Allá cada cual con su conciencia, sin embargo, me pareció justa y necesaria la respuesta que con la lucidez y la inteligencia que Dios le concedió; Federico Reyes Heroles le envió al cierto cardenal desde su columna en la sección editorial del periódico Reforma: “Gracias, señor cardenal por alentar el trabajo. Gracias por comparar a los trabajadores con burros, gracias por condenar a los trabajadores de cualquier ramo, de cualquier ingreso; a vivir en la pobreza, No sabe lo útil de su expresión en una sociedad que de entrada tiene un bajo aprecio por el trabajo. Formidable incentivo para los que se levantan todos los días con el ánimo de prosperar. La prosperidad y la riqueza suponen transa. El que no transa no avanza”.
Según el lapidario decreto de cierto cardenal, gente como Bill Gates y tantos otros que han hecho fortuna a base de talento y trabajo, no puede ser honrada. Estoy de acuerdo en que vivir para acumular millones, no es un objetivo admirable, pero tampoco es un delito, por el contrario, la ambición es generalmente motor de progreso, de prosperidad y grandes ideas. En todo caso, el delito está en los medios de los que nos valemos para conseguir riqueza. Beneficiarse de tráfico de influencias, como es frecuente entre la mayoría de los políticos o los líderes sindicales que sinvergüenzas ostentan riquezas inimaginables para sus agremiados, quienes trabajan duramente para conseguir apenas un buen pasar y encima pagar las cuotas al sindicato.
Delito es asignar noventa millones de pesos del erario para la construcción de una nueva iglesia; en un país donde el 17% de los habitantes vive en situación de miseria y desnutrición. Es delito la usura (ganar dinero con la usura es como ser escupido por el diablo) aceptada y generalizada por ejemplo en las operaciones bancarias, especialmente tarjetas de crédito en las que se descobija sistemáticamente al usuario.
Delito es comerciar con drogas que atentan contra la salud y la vida. Delito es poner precio o condicionar la salvación del alma. Pero asegurar sin matices, que no hay rico honrado, me parece una megabarbaridad. Si bien para mi Iglesia la vida eterna bien vale la pobreza terrenal -y decreta que “Más fácil pasa un camello por el ojo de una aguja, que un rico entre al reino de los cielos”- para otras religiones el enriquecimiento como fruto del trabajo, es visto como una bendición de Dios.

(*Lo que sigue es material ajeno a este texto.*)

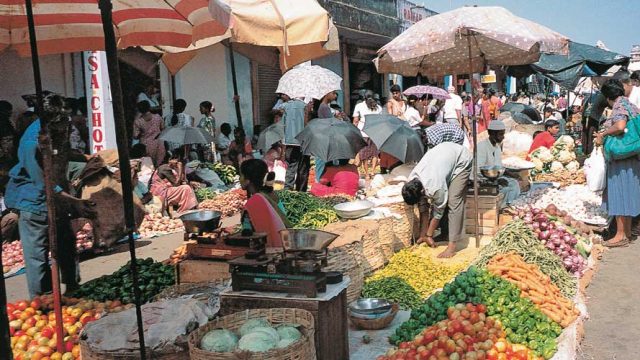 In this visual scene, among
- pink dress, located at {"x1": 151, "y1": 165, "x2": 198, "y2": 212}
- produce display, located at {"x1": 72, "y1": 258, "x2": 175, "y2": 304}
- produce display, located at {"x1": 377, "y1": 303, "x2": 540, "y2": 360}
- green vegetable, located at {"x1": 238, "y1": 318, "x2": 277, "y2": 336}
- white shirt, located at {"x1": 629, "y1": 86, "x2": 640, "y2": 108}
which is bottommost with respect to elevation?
produce display, located at {"x1": 377, "y1": 303, "x2": 540, "y2": 360}

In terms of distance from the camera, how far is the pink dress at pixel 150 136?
1023cm

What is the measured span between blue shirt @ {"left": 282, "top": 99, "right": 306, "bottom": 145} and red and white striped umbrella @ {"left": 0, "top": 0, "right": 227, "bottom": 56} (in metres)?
5.41

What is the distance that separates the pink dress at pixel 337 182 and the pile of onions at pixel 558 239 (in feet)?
7.58

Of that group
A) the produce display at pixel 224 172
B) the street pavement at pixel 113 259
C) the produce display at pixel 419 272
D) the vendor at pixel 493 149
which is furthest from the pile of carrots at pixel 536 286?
the produce display at pixel 224 172

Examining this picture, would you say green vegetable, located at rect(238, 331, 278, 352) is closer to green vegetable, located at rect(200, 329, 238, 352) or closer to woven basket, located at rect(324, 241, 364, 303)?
green vegetable, located at rect(200, 329, 238, 352)

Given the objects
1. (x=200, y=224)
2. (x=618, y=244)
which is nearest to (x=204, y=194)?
(x=200, y=224)

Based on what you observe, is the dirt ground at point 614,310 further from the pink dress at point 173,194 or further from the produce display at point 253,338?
the pink dress at point 173,194

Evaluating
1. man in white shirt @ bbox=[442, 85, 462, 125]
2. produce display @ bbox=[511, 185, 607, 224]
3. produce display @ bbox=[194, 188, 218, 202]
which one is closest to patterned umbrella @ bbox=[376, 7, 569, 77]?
produce display @ bbox=[511, 185, 607, 224]

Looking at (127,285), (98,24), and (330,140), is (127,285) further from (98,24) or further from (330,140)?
(330,140)

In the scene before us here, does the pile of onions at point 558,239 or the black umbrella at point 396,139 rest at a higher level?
the black umbrella at point 396,139

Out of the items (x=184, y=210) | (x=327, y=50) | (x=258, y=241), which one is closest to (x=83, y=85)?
(x=184, y=210)

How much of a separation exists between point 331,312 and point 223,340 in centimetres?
82

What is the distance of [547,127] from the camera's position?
12.9 m

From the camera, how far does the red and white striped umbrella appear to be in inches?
178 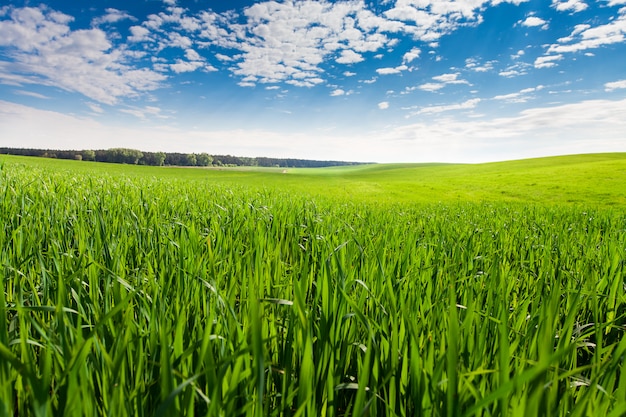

Desconfío, siempre lo he dicho, de aquellos que aseguran que el dinero no les importa. O son mentirosos o son idiotas. Creo que la idea no es acabar con los ricos sino abatir la pobreza mediante la transformación de una sociedad injusta en una justa donde todos podamos vivir con la misma dignidad. La asignatura más urgente que tenemos los mexicanos es construir una sociedad que baje al dinero del altar donde los hemos colocado, y le devuelva su verdadero propósito: el dinero es un bien social y nada más.